## [What you need to do]
Set every line of the data down again exactly, and keep the pictures out.

## [Data provided]
· · · ·

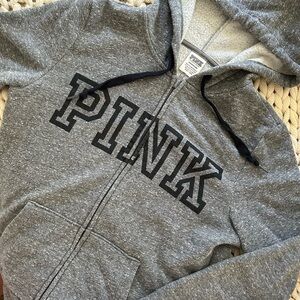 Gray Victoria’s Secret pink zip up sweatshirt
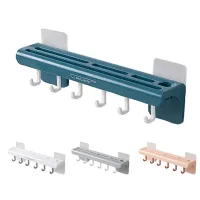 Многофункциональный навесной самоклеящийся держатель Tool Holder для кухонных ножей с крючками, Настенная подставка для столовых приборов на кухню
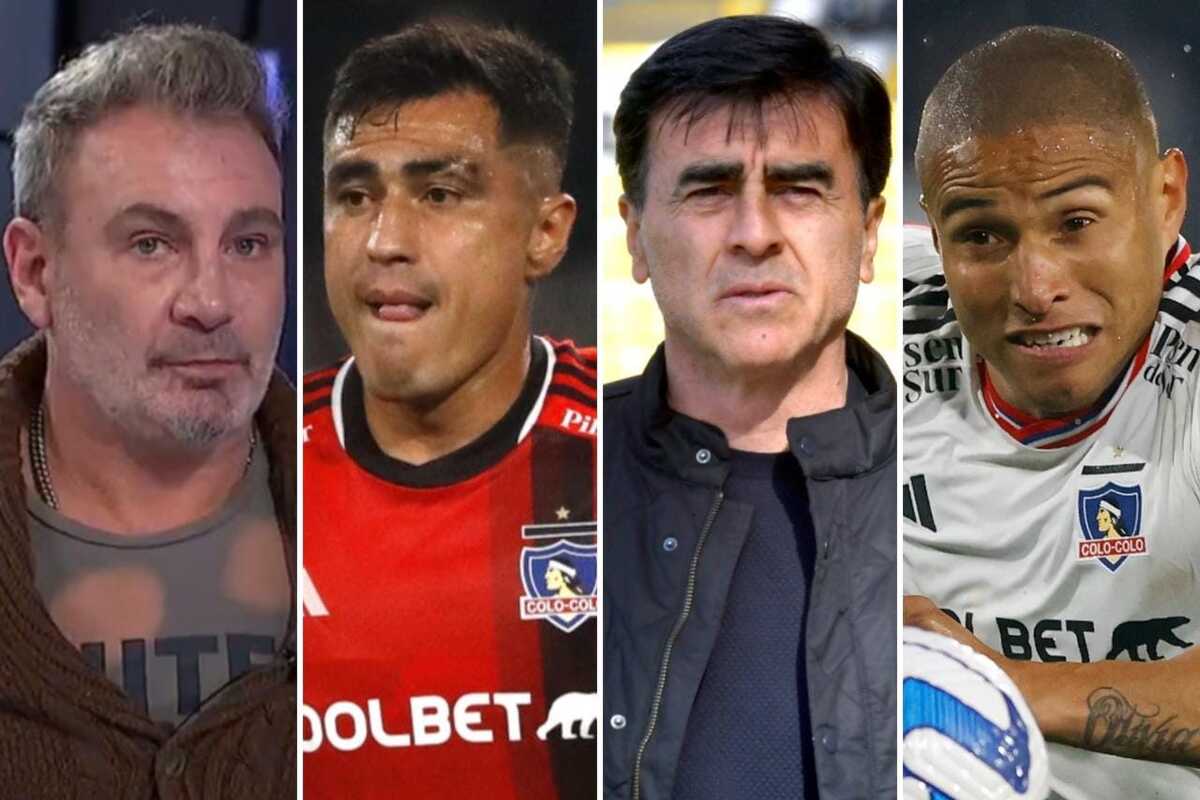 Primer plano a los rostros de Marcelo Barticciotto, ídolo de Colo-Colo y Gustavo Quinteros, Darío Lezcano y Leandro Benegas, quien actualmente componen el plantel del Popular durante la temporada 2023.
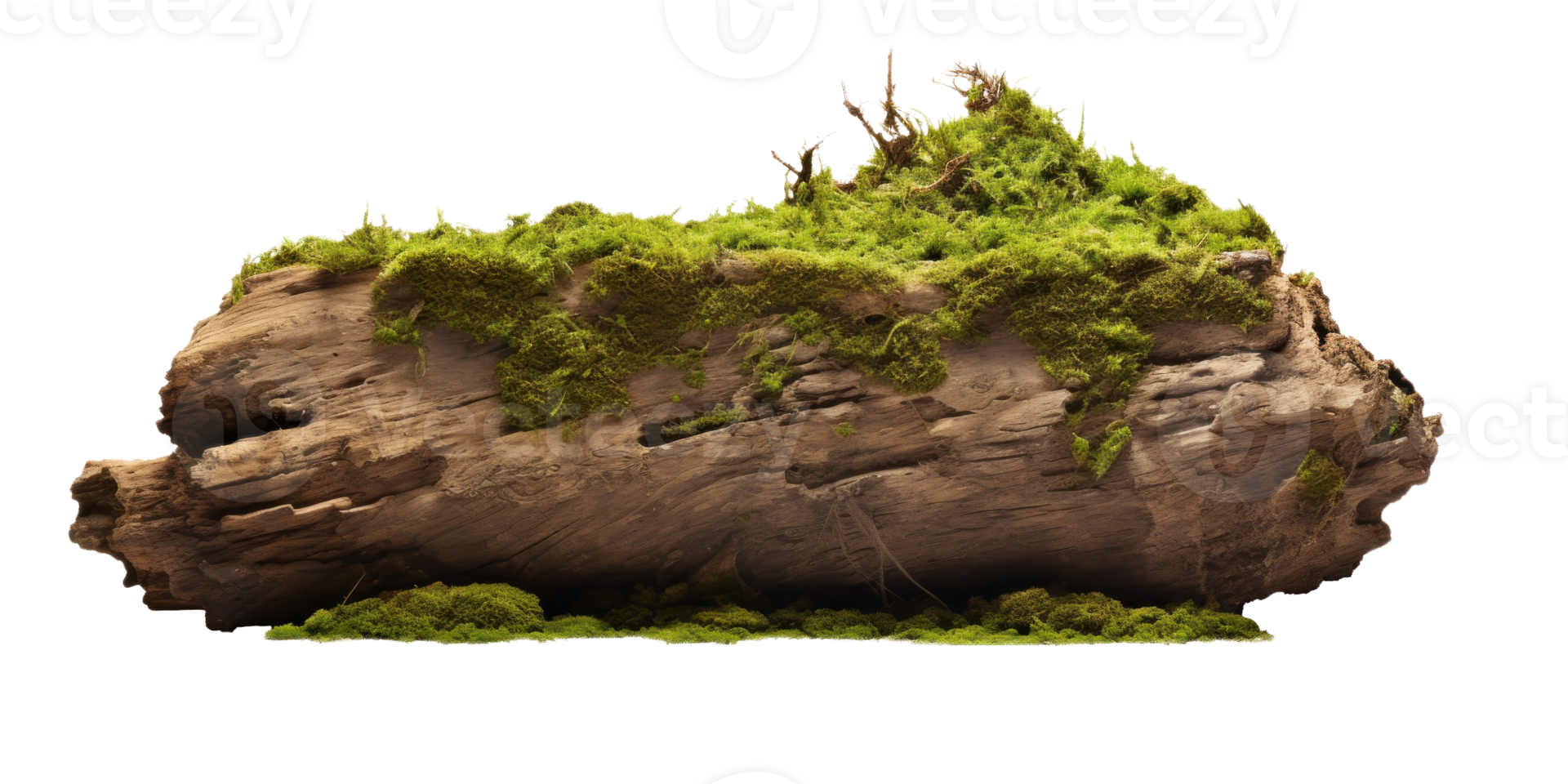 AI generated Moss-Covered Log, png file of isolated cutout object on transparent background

· · · ·

## [Result of the exercise]
 Gray Victoria’s Secret pink zip up sweatshirt
 Многофункциональный навесной самоклеящийся держатель Tool Holder для кухонных ножей с крючками, Настенная подставка для столовых приборов на кухню
 Primer plano a los rostros de Marcelo Barticciotto, ídolo de Colo-Colo y Gustavo Quinteros, Darío Lezcano y Leandro Benegas, quien actualmente componen el plantel del Popular durante la temporada 2023.
 AI generated Moss-Covered Log, png file of isolated cutout object on transparent background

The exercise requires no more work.